The dynamics in North Carolina that worry Republicans — a booming minority population, an influx of more moderate voters and a changing set of priorities — are on display across other parts of the South as well, notably in Virginia and Florida, where Obama also won in 2008.

This time around, his campaign hopes to make a play for Georgia and Texas, seeing in those states the same sorts of economic and cultural changes as elsewhere in the South. An Obama victory in either would be a long shot, but a win in any of those Southern states would make it difficult for Republicans to capture the presidency.

In North Carolina, the changing nature of the state is on display regularly. At a recent forum on education, executives with drug maker GlaxoSmithKline and IBM, which have big presences in the Raleigh area’s Research Triangle Park, pleaded with Gov. Beverly Perdue (D) to oppose service cuts proposed by a new GOP majority in the state legislature.

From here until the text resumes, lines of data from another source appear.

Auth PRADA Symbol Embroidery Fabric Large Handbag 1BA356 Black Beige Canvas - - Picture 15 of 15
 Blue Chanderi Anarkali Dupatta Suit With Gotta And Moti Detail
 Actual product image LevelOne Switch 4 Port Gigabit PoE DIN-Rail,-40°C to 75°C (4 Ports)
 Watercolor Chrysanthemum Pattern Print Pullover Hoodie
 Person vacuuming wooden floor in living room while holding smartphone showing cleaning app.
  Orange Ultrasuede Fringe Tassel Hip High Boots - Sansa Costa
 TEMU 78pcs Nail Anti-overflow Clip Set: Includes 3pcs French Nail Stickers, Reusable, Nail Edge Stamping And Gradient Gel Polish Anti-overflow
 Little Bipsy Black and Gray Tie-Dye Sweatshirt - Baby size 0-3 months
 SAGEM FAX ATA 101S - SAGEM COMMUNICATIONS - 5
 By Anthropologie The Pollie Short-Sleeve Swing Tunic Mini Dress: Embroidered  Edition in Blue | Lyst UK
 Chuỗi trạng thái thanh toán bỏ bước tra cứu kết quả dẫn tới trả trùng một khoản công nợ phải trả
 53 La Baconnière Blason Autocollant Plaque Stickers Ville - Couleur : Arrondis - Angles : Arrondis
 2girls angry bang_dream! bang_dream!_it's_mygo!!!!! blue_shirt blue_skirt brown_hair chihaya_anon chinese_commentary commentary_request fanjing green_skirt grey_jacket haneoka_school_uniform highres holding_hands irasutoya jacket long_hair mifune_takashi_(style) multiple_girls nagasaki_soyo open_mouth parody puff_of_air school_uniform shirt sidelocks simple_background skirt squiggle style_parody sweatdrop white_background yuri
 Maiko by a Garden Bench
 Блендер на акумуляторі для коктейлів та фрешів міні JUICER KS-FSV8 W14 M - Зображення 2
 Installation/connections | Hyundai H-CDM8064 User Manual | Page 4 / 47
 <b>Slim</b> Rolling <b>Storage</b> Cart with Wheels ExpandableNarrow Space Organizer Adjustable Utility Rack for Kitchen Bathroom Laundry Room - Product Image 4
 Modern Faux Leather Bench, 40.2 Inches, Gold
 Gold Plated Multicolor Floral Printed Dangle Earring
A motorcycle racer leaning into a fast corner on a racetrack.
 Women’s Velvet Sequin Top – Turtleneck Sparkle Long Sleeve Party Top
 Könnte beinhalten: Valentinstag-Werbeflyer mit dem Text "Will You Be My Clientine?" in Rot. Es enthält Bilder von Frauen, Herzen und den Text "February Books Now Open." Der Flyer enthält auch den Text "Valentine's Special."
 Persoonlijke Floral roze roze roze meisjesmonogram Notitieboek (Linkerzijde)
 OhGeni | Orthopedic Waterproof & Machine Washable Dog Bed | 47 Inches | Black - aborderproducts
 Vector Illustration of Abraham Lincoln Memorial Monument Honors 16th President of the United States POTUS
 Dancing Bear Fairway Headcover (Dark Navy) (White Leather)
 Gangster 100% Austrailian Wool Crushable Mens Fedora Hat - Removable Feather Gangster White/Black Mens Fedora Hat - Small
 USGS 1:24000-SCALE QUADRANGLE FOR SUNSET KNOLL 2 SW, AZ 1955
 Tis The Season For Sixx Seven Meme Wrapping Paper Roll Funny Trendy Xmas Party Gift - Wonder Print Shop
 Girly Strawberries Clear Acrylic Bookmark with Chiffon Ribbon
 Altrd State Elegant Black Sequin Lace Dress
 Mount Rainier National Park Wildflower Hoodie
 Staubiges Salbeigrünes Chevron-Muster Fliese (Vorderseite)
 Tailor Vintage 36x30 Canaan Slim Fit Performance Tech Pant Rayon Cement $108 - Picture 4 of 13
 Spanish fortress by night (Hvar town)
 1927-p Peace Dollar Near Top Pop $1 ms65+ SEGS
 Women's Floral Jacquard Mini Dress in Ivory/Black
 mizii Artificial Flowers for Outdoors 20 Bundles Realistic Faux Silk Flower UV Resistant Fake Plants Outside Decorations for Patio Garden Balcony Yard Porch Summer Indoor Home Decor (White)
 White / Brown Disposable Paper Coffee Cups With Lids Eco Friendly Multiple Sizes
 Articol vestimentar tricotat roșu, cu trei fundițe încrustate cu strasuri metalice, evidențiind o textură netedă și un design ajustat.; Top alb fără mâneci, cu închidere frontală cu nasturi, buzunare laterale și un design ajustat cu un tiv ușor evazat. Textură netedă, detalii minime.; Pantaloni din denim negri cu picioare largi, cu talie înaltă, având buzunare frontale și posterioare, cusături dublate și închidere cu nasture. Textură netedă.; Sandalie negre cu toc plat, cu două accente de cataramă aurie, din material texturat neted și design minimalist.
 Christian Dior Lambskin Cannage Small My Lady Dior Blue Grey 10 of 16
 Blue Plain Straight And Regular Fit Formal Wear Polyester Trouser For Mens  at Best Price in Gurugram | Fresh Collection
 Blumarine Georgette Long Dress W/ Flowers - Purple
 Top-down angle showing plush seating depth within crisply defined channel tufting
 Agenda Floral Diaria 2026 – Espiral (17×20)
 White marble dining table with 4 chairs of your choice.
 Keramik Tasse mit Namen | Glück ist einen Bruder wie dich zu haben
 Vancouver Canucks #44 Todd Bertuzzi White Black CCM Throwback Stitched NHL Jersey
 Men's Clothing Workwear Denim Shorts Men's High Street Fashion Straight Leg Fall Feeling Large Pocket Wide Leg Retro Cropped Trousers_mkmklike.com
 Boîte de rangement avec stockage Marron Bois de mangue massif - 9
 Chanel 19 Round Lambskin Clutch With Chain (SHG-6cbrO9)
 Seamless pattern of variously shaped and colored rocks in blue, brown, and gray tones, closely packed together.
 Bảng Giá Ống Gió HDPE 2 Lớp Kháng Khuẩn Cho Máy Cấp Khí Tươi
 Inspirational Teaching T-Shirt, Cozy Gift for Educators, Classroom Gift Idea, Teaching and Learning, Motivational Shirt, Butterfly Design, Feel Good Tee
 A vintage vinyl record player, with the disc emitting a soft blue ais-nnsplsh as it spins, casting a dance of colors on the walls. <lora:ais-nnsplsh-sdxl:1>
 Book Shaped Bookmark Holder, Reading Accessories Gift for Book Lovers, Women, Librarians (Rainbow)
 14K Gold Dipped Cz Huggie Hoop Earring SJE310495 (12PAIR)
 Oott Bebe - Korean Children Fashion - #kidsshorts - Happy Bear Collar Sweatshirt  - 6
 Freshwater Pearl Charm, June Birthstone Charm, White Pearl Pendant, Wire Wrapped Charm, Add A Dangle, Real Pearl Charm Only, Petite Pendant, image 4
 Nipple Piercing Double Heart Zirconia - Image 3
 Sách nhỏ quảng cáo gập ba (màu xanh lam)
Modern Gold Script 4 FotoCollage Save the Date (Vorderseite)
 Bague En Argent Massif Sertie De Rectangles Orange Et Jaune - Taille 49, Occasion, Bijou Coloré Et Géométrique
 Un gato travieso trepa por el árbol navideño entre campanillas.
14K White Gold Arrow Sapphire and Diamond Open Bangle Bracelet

In rural Wilson, 40 miles east of Raleigh, business and civic leaders seem to reflect the changing values and priorities of voters.

Sitting around a table at the local Chamber of Commerce to discuss the region’s economic struggles, business leaders lamented that they can’t find enough qualified workers to fill vacant jobs. Plant managers and farmers pleaded with state leaders to protect funding for schools, job-training programs and crime-prevention programs that the legislature is threatening to cut.

“This state is a pretty moderate state,” said former governor James B. Hunt Jr. (D). “An awful lot of people have moved in here who, whether they’re Democratic or Republican, are fairly middle of the road kinds of voters.”

Many Republicans worry that their party hasn’t entirely grasped the evolving nature of the South. To them, that means fully giving up on what was known as the “Southern strategy,” an approach to winning elections based largely on appeals to rural whites on cultural touchstones such as abortion and race.